What is expected:
Type the records that follow again exactly as written, but drop the pictures.

Supplied material:
○ ○ ○ ○ ○

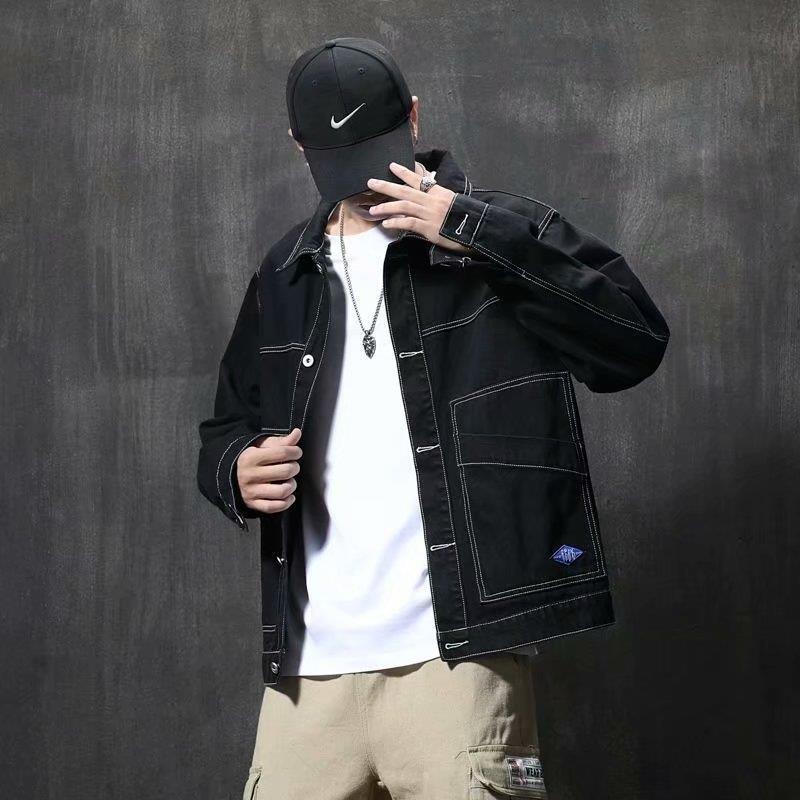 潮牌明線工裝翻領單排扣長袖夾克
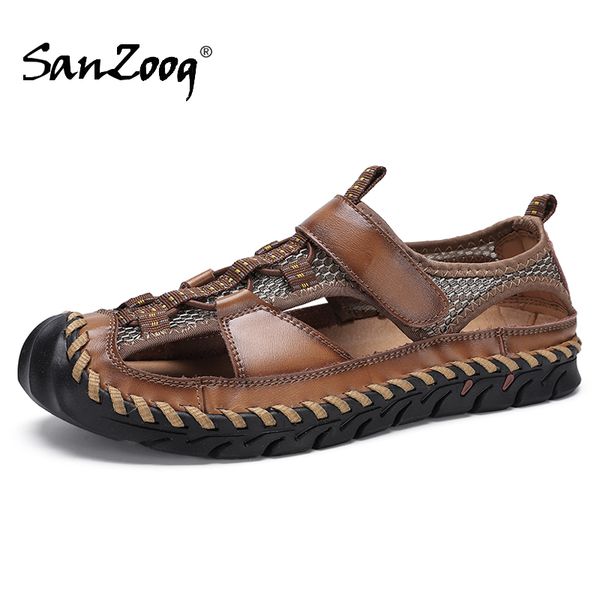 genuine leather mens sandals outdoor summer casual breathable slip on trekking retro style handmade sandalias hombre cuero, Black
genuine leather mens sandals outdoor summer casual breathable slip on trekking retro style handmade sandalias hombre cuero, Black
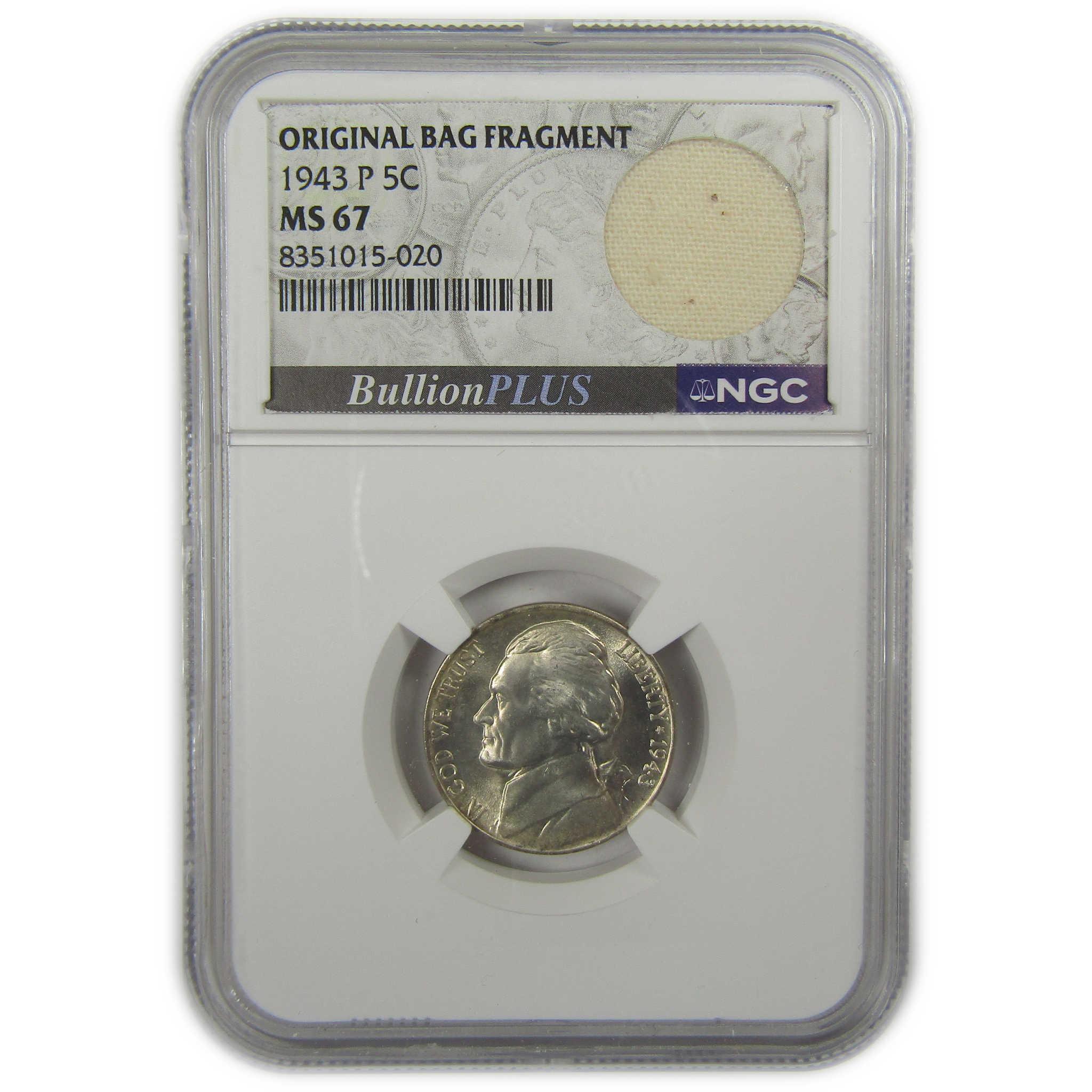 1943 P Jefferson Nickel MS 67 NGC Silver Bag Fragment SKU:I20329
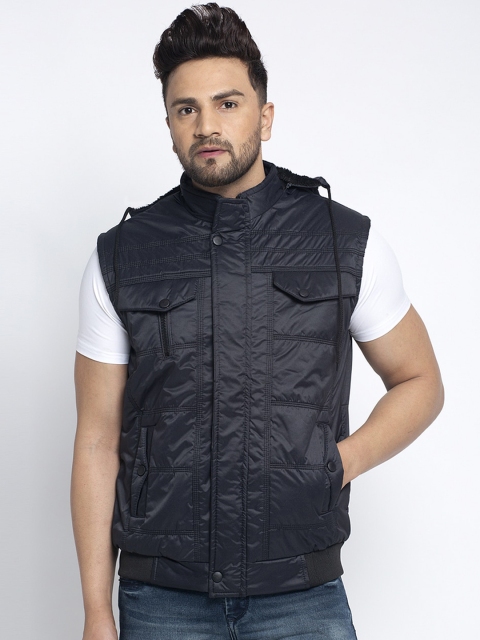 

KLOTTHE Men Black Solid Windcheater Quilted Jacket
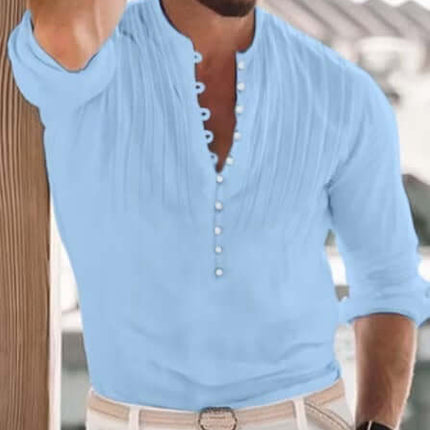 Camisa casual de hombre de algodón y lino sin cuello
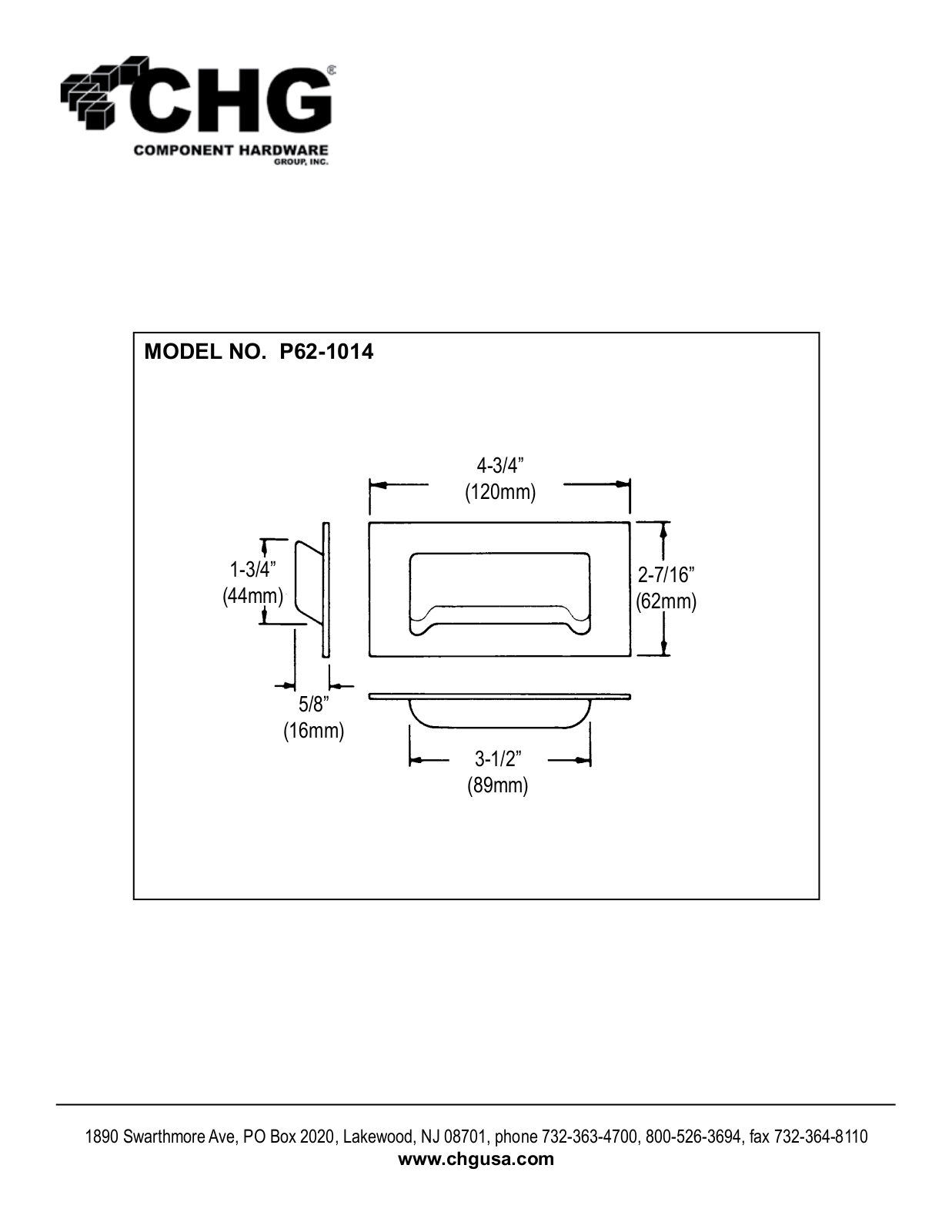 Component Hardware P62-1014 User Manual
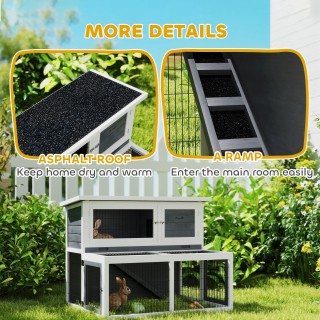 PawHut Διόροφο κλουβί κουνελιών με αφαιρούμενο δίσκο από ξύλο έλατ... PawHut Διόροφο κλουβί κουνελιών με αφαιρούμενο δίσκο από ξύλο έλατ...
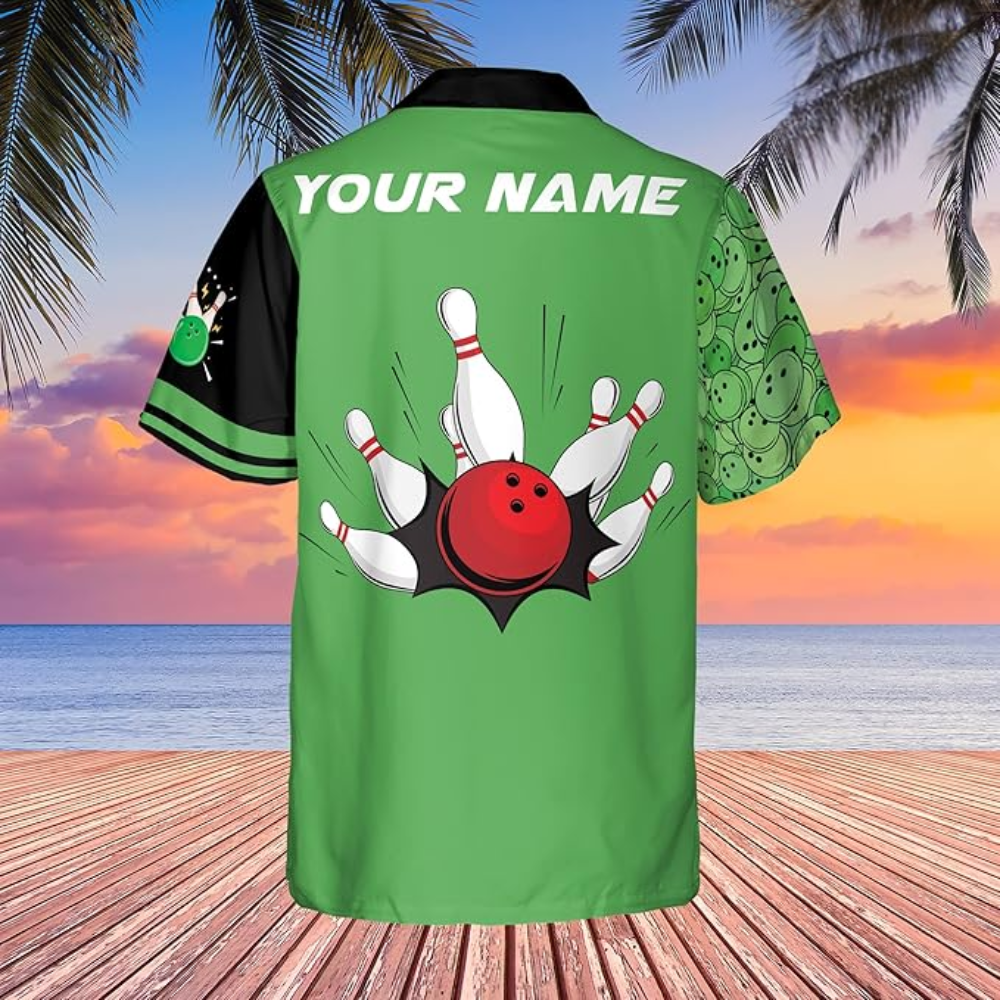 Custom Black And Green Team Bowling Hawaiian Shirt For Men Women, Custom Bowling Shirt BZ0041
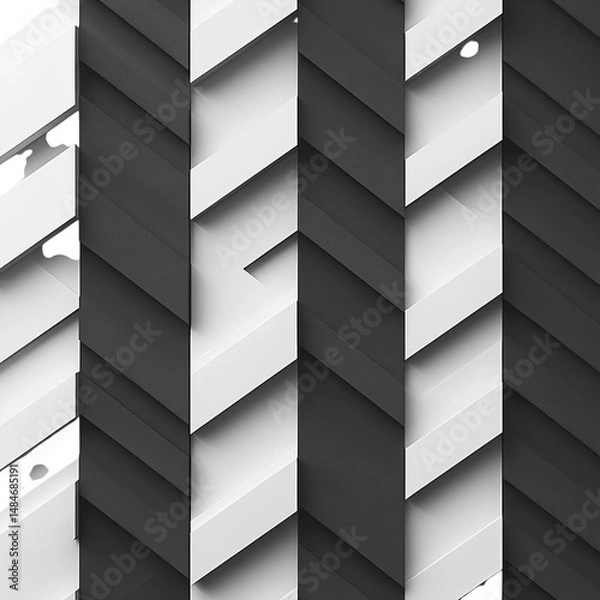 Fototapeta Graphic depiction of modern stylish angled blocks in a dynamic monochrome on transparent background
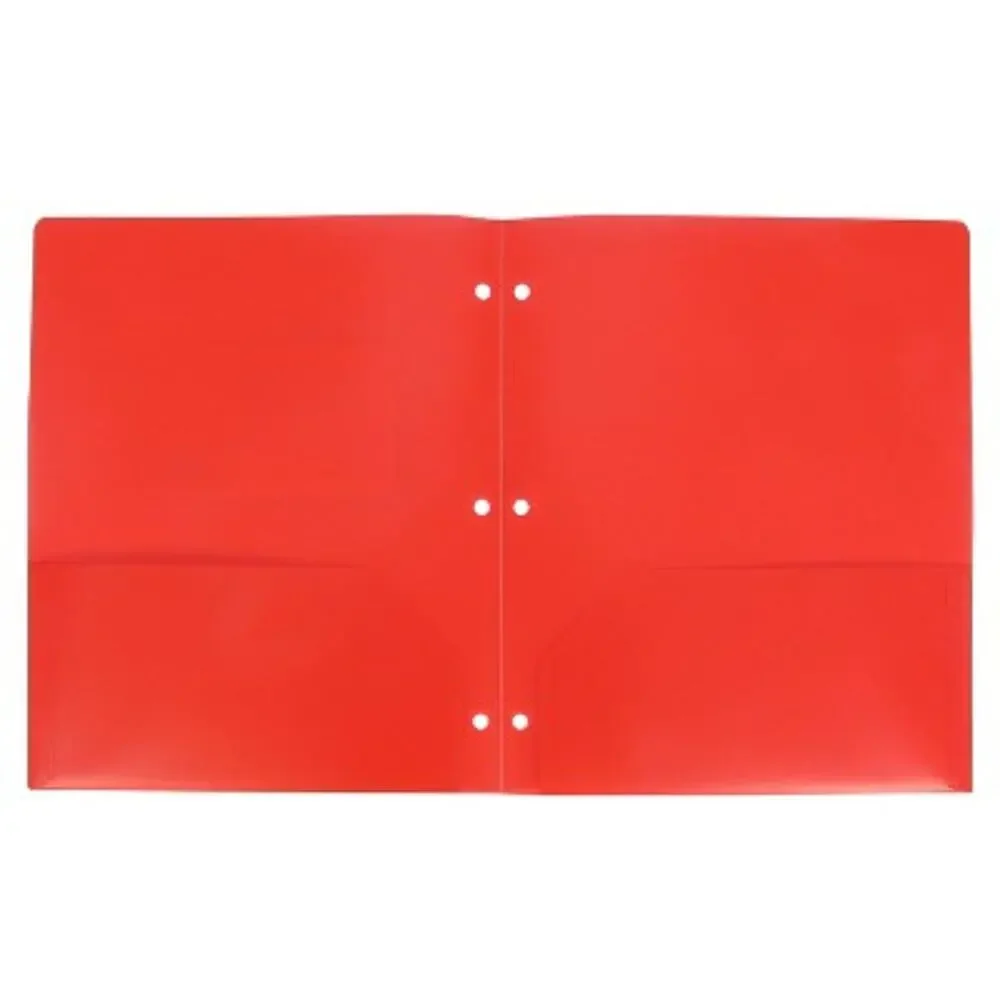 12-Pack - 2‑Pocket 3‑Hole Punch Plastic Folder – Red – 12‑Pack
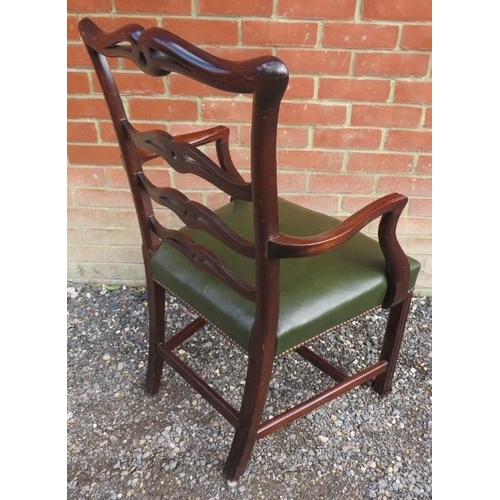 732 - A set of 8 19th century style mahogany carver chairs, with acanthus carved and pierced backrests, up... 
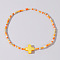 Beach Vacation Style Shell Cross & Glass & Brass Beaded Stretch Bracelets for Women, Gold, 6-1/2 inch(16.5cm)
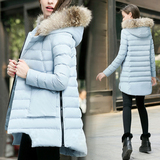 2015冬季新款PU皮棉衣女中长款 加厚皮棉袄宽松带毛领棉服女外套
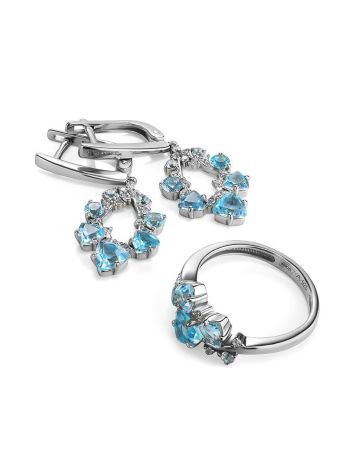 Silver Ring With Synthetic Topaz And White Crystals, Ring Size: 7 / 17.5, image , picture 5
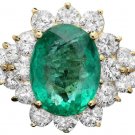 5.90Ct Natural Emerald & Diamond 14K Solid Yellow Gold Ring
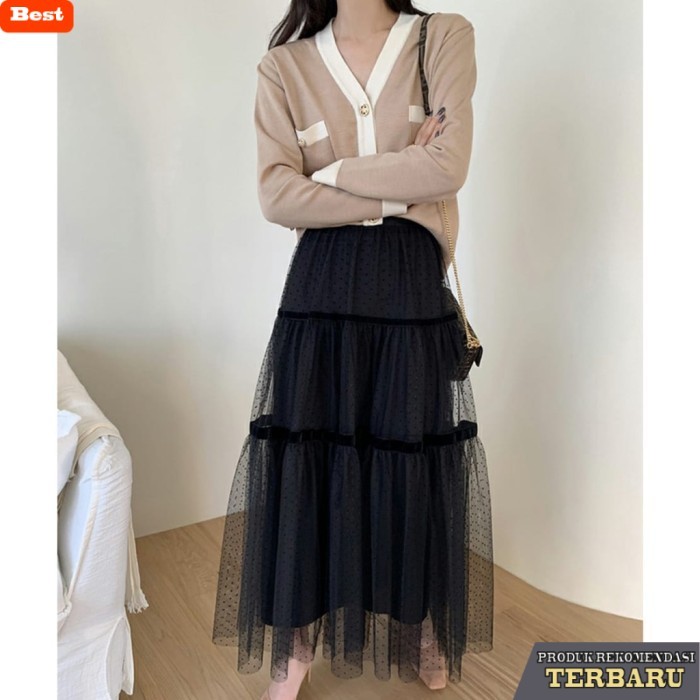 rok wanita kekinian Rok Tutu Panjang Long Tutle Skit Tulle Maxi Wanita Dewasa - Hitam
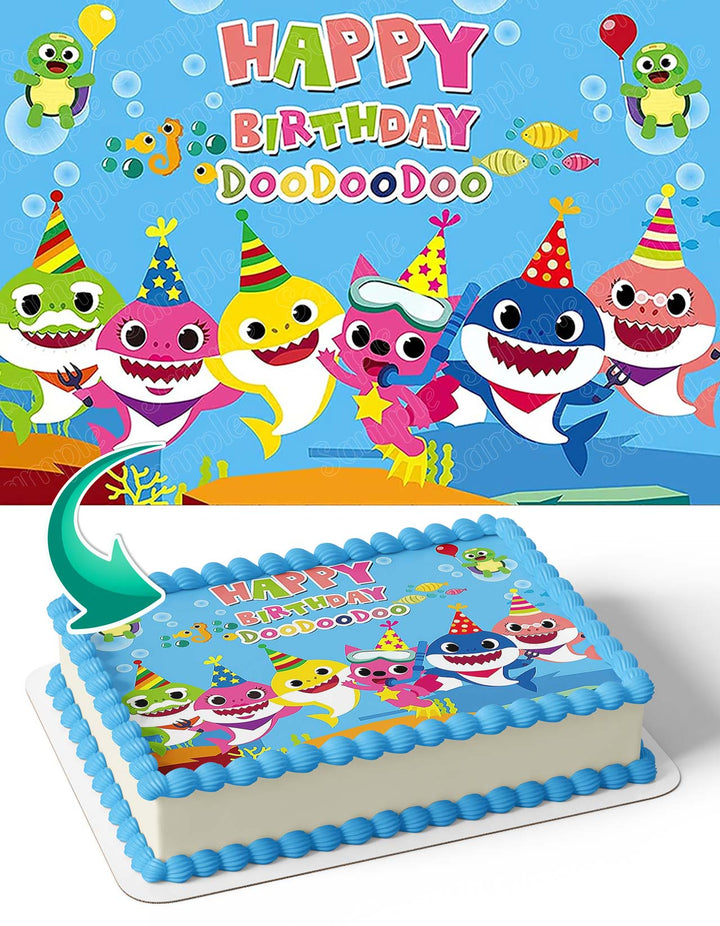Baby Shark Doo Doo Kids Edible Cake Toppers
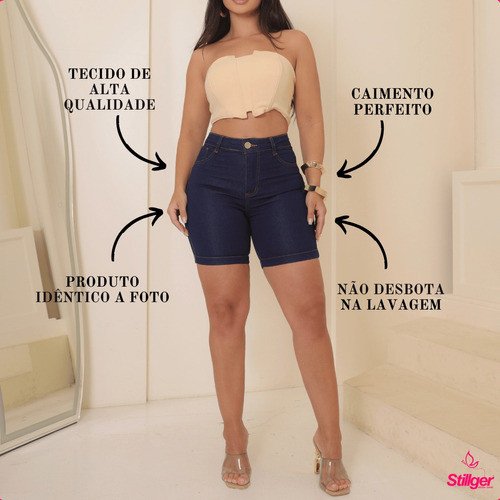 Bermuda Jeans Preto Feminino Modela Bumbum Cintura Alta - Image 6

○ ○ ○ ○ ○

Completed exercise:
 潮牌明線工裝翻領單排扣長袖夾克
 genuine leather mens sandals outdoor summer casual breathable slip on trekking retro style handmade sandalias hombre cuero, Black
genuine leather mens sandals outdoor summer casual breathable slip on trekking retro style handmade sandalias hombre cuero, Black
 1943 P Jefferson Nickel MS 67 NGC Silver Bag Fragment SKU:I20329

KLOTTHE Men Black Solid Windcheater Quilted Jacket
 Camisa casual de hombre de algodón y lino sin cuello
 Component Hardware P62-1014 User Manual
 PawHut Διόροφο κλουβί κουνελιών με αφαιρούμενο δίσκο από ξύλο έλατ... PawHut Διόροφο κλουβί κουνελιών με αφαιρούμενο δίσκο από ξύλο έλατ...
 Custom Black And Green Team Bowling Hawaiian Shirt For Men Women, Custom Bowling Shirt BZ0041
 Fototapeta Graphic depiction of modern stylish angled blocks in a dynamic monochrome on transparent background
 12-Pack - 2‑Pocket 3‑Hole Punch Plastic Folder – Red – 12‑Pack
 732 - A set of 8 19th century style mahogany carver chairs, with acanthus carved and pierced backrests, up... 
 Beach Vacation Style Shell Cross & Glass & Brass Beaded Stretch Bracelets for Women, Gold, 6-1/2 inch(16.5cm)
 2015冬季新款PU皮棉衣女中长款 加厚皮棉袄宽松带毛领棉服女外套
 Silver Ring With Synthetic Topaz And White Crystals, Ring Size: 7 / 17.5, image , picture 5
 5.90Ct Natural Emerald & Diamond 14K Solid Yellow Gold Ring
 rok wanita kekinian Rok Tutu Panjang Long Tutle Skit Tulle Maxi Wanita Dewasa - Hitam
Baby Shark Doo Doo Kids Edible Cake Toppers
 Bermuda Jeans Preto Feminino Modela Bumbum Cintura Alta - Image 6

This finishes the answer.